No one will require more support and more love than your friend
with AIDS. Feel free to offer what you can, without fear of
becoming infected.

Don't worry about getting AIDS from everyday contact with a
person with AIDS. You need to take precautions such as wearing
rubber gloves only when blood is present.

If you don't know anyone with AIDS, but you'd still like to
offer a helping hand, become a volunteer. You can be sure your
help will be appreciated by a person with AIDS.

This might mean dropping by the supermarket to pick up
groceries, sitting with the person a while, or just being there
to talk. You may even want to enroll in a support group for
caregivers. These are available around the country. If you are
interested, contact any local AIDS-related organization.

Above all, keep an upbeat attitude. It will help you and
everyone face the disease more comfortably.

Do You Know Enough to Talk About AIDS? Try This Quiz.

It's important for each of us to share what we know about AIDS
with family members and others we love. Knowledge and
understanding are the best weapons we have against the disease.

Check the boxes. Answers below.

1. If you are not in a "high risk group," you still need to be
concerned about AIDS. True or False

2. The AIDS virus is not spread through: A. insect bites. B.
casual contact. C. sharing drug needles. D. sexual intercourse.

3. Condoms are an effective, but not foolproof, way to prevent
the spread of the AIDS virus. True or False

4. You can't tell by looking that someone has the AIDS virus.

True or False

5. If you think you've been exposed to the AIDS virus, you
should get an AIDS test. True or False

6. People who provide help for someone with AIDS are not
personally at risk for getting the disease. True or False


1. True.
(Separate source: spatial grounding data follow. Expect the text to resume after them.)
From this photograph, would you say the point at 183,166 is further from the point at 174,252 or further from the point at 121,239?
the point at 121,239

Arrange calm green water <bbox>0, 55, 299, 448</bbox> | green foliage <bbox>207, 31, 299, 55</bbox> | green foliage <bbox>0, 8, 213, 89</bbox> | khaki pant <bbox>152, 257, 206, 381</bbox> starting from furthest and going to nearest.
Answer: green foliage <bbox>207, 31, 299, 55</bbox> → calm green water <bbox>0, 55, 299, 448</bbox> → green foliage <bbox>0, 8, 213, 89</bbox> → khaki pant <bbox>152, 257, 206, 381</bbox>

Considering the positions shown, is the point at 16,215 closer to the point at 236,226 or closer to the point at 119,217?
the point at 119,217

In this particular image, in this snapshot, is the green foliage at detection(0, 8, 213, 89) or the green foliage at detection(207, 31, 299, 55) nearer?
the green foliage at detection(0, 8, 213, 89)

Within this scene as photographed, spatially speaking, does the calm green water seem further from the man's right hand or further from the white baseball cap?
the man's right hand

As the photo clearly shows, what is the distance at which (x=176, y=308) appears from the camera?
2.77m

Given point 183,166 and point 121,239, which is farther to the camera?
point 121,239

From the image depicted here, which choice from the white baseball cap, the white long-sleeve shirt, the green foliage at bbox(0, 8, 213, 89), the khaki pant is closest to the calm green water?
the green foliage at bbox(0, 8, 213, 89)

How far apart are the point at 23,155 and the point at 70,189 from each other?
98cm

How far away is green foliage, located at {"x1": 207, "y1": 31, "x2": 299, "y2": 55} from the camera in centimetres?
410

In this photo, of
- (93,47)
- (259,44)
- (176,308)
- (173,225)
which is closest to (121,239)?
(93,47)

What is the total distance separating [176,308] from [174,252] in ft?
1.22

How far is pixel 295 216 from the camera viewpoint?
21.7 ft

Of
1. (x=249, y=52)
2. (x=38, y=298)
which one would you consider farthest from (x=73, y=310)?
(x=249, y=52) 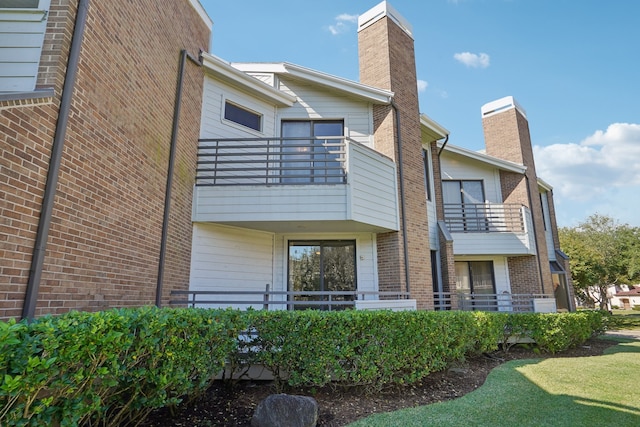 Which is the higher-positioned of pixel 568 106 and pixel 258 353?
pixel 568 106

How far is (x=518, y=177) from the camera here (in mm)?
15328

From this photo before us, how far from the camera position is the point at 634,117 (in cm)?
2241

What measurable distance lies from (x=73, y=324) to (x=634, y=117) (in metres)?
31.2

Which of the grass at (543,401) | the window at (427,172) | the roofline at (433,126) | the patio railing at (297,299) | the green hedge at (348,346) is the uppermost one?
the roofline at (433,126)

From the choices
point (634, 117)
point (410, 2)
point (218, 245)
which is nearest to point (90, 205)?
point (218, 245)

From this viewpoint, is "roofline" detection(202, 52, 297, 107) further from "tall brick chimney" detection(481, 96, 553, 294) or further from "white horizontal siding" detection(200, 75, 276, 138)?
"tall brick chimney" detection(481, 96, 553, 294)

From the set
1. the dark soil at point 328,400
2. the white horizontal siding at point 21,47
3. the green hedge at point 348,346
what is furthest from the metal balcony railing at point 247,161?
the dark soil at point 328,400

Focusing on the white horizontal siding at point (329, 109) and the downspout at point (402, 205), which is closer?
the downspout at point (402, 205)

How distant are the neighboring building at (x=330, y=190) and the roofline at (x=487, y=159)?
1.41m

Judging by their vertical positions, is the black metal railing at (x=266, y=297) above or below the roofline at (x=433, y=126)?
below

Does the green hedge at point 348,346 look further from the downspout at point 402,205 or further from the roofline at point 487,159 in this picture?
the roofline at point 487,159

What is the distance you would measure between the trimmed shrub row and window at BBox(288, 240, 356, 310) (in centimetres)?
345

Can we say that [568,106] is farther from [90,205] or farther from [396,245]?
[90,205]

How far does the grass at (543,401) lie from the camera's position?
184 inches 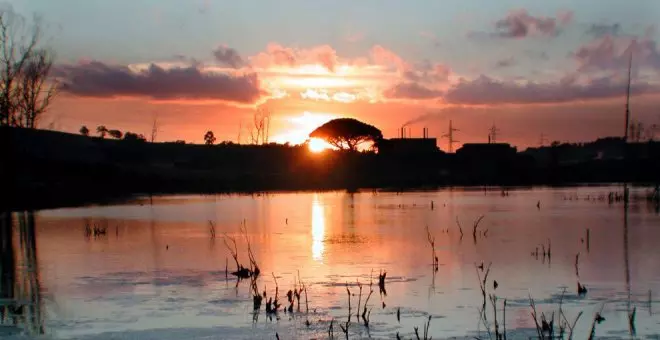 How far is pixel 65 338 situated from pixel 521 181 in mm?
74037

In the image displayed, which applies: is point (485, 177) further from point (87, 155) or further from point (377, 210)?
point (377, 210)

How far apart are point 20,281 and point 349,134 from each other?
274 ft

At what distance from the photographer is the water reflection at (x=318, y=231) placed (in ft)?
72.4

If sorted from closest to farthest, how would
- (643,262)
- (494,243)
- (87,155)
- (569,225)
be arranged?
(643,262) < (494,243) < (569,225) < (87,155)

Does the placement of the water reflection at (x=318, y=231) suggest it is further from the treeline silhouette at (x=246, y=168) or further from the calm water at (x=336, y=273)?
the treeline silhouette at (x=246, y=168)

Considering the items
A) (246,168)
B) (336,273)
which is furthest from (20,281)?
(246,168)

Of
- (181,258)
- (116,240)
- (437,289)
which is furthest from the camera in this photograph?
(116,240)

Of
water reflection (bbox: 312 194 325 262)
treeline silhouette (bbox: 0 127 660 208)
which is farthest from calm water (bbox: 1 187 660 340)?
treeline silhouette (bbox: 0 127 660 208)

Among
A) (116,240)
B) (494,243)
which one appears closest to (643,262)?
(494,243)

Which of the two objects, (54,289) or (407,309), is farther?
(54,289)

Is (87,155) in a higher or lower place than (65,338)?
higher

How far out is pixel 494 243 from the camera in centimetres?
2414

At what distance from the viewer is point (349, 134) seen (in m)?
99.9

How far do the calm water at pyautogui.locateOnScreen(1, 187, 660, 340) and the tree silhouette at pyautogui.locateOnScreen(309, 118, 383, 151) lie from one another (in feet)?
210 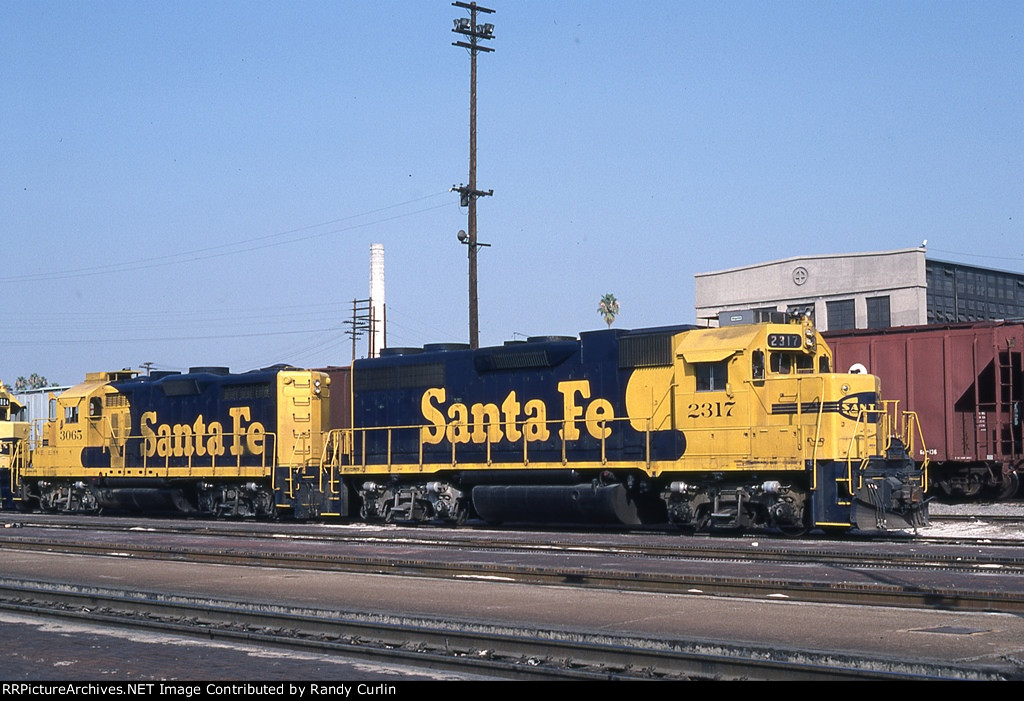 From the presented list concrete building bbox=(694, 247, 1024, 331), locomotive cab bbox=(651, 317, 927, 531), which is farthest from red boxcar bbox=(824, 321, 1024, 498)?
concrete building bbox=(694, 247, 1024, 331)

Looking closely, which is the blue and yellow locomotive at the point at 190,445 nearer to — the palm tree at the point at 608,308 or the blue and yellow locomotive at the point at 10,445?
the blue and yellow locomotive at the point at 10,445

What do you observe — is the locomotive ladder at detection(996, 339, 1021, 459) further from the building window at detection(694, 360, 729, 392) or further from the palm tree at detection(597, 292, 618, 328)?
the palm tree at detection(597, 292, 618, 328)

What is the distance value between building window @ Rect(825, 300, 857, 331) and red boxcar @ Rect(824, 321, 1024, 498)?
94.3 feet

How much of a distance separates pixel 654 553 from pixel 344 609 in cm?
682

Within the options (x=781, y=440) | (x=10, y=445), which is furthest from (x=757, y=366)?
(x=10, y=445)

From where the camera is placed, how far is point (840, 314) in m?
55.5

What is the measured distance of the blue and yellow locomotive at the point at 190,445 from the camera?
27172 millimetres

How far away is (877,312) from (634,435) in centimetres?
3534

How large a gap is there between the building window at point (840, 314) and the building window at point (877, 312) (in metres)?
0.78

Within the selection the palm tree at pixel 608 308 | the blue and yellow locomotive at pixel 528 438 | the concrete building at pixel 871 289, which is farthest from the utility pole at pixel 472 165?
the palm tree at pixel 608 308

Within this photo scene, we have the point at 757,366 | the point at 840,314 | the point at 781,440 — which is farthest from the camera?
the point at 840,314

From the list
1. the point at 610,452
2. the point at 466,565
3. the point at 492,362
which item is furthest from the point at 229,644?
the point at 492,362

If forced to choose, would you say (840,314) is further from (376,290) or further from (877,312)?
(376,290)
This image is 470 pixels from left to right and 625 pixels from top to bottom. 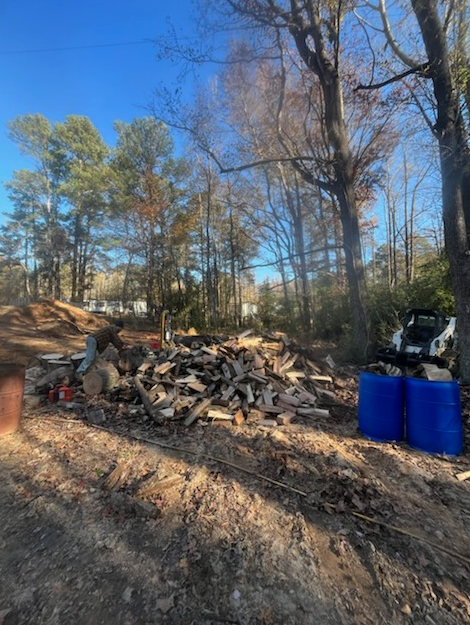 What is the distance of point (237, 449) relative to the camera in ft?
12.1

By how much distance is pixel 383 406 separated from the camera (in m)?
3.85

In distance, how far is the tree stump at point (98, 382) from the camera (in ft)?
18.6

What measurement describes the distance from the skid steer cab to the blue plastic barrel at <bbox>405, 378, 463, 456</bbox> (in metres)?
4.39

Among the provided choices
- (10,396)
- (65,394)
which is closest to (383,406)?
(10,396)

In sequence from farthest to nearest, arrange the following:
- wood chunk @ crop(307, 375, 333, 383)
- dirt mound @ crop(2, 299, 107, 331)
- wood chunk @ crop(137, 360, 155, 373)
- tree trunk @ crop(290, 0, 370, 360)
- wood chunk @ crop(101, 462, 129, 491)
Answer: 1. dirt mound @ crop(2, 299, 107, 331)
2. tree trunk @ crop(290, 0, 370, 360)
3. wood chunk @ crop(307, 375, 333, 383)
4. wood chunk @ crop(137, 360, 155, 373)
5. wood chunk @ crop(101, 462, 129, 491)

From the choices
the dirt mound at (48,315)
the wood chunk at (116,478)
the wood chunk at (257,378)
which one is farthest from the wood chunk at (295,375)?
the dirt mound at (48,315)

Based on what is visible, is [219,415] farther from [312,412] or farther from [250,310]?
[250,310]

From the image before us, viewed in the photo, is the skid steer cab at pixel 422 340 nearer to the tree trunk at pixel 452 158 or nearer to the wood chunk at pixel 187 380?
the tree trunk at pixel 452 158

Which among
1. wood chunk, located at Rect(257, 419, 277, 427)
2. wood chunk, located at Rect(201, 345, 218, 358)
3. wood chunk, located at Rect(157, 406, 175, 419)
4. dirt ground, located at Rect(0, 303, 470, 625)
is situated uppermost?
wood chunk, located at Rect(201, 345, 218, 358)

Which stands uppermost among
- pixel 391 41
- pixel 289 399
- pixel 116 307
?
pixel 391 41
It is risky behavior that puts you at risk for AIDS,
regardless of any "group" you belong to.

2. A & B. The AIDS virus is not spread by insects, kissing,
tears or casual contact.

3. True. However, the most effective preventive measure against
AIDS is not having sex or shooting drugs.

4. True. You cannot tell by looking if someone is infected. The
virus by itself is completely invisible. Symptoms may first
appear years after you have been infected.

5. True. You should be counseled about getting an AIDS test if
you have been engaging in risky behavior or think you have been
exposed to the virus. There is no reason to be tested if you
don't engage in this behavior.

6. True. You won't get AIDS by helping someone who has the disease.